BOULDER, Colo. (CBS4) — The Boulder City Council has voted to take over the power lines, substations and other assets Xcel Energy owns.
It’s considered a big step forward in the city’s move to leave the energy company based out of Minnesota and create its own electric company.
“This is a kind of way for Boulder to lead as it has done with open space, it has done with growth limitations and now lead on power,” said Sam Weaver.
Weaver is part of the environmental coalition “Empower Our Future” which is supporting the new utility.
“I’m against it,” said Boulder resident Steve Haymes.
Haymes worked at the National Renewable Energy Labs as a modeler.
He said the city has grossly underestimated the cost of going it alone.
“To put all your eggs in one model basket is a bad modeling procedure. What the city did was use one and only one model,” said Haymes.
“It’s an honest difference of opinions,” said Weaver.

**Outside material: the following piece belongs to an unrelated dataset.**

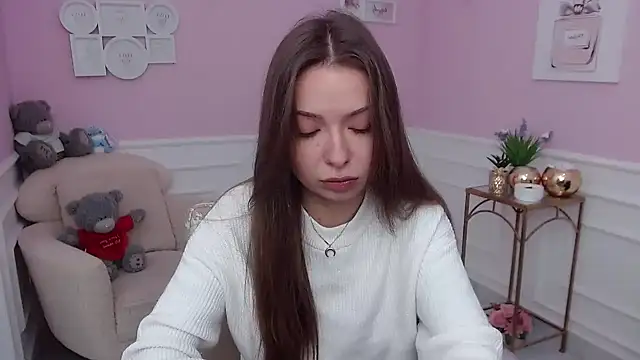 Snapshot of LucySkilar chatting on October 31, 2025, 5:26 am LucySkilar online show from October 31, 2025, 5:26 am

When voters approved the idea of exploring other options for energy it was contingent on rates and reliability remaining the same or better.

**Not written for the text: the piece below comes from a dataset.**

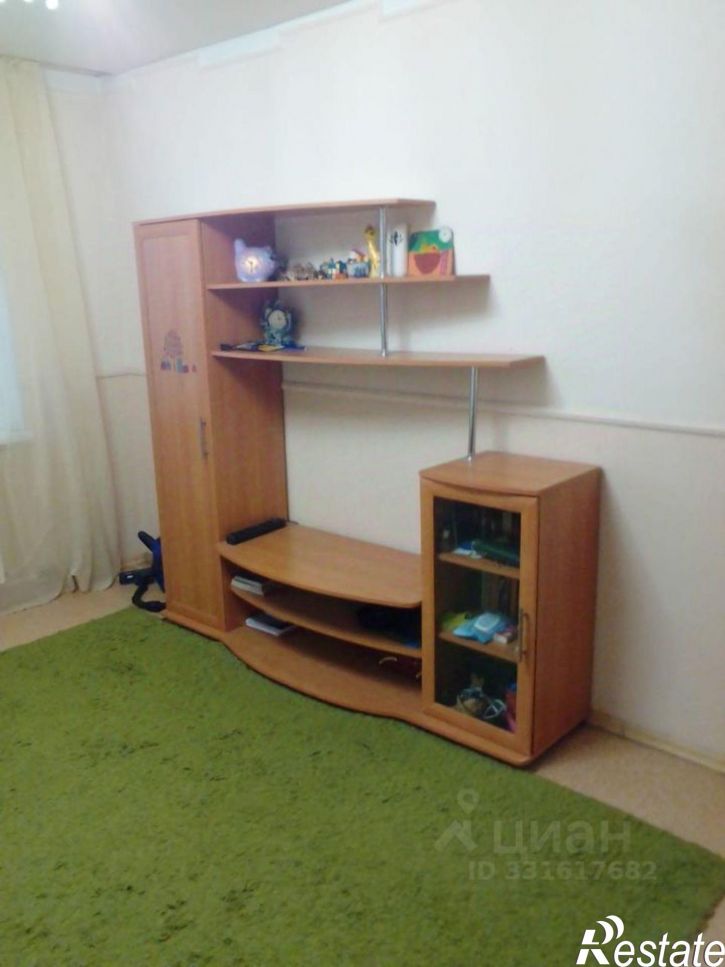 3-комн квартира проспект Гагарина, 49,  д. 49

The City of Boulder said its model shows it can increase renewable energy by 50 percent, cut emissions in half and still have lower rates.

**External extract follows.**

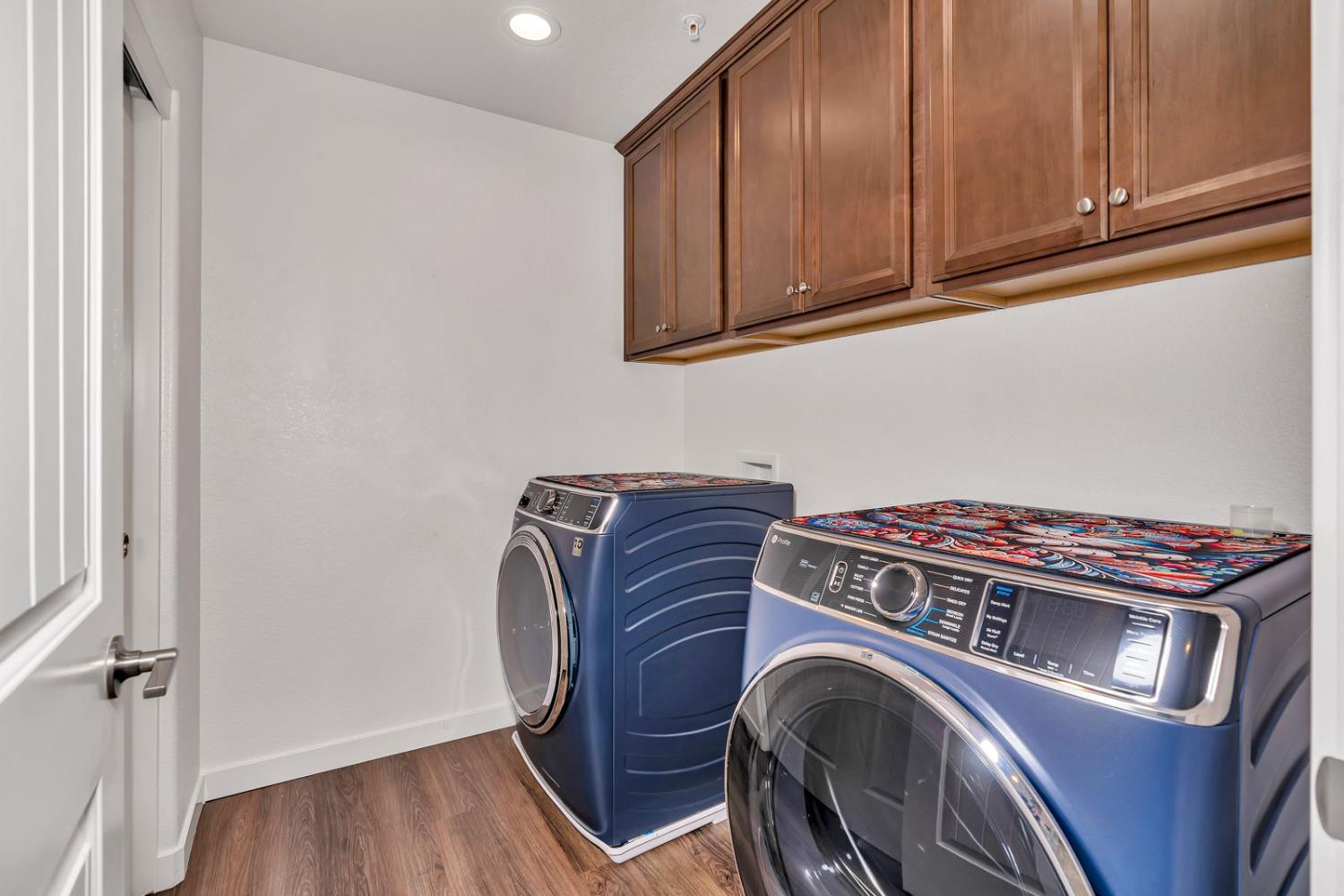 1856 Morro Ct, Los Banos, CA 93635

“There are solar panels on this house, there are solar panels on that house, there is a lot going on and people are really behind this,” said Weaver.
Those who don’t support the plan believe the city can do better if it stays with Xcel.
Kari Christ-Janer is an environmentalist who fought for the carbon tax in Boulder but is fighting against the new utility.
“One small municipal utility really cannot change the world in the same way as a large utility moving forward,” said Christ-Janer. “I worry there could be multiple years of litigation and it will just turn into a hornet’s nest of issues that will be a nightmare for both parties.”
Boulder voters are likely to be asked to approve a $214 million debt limit on the acquisition of Xcel Energy’s physical assets in November.
It requires a third vote on Aug. 20 before being finalized for the ballot.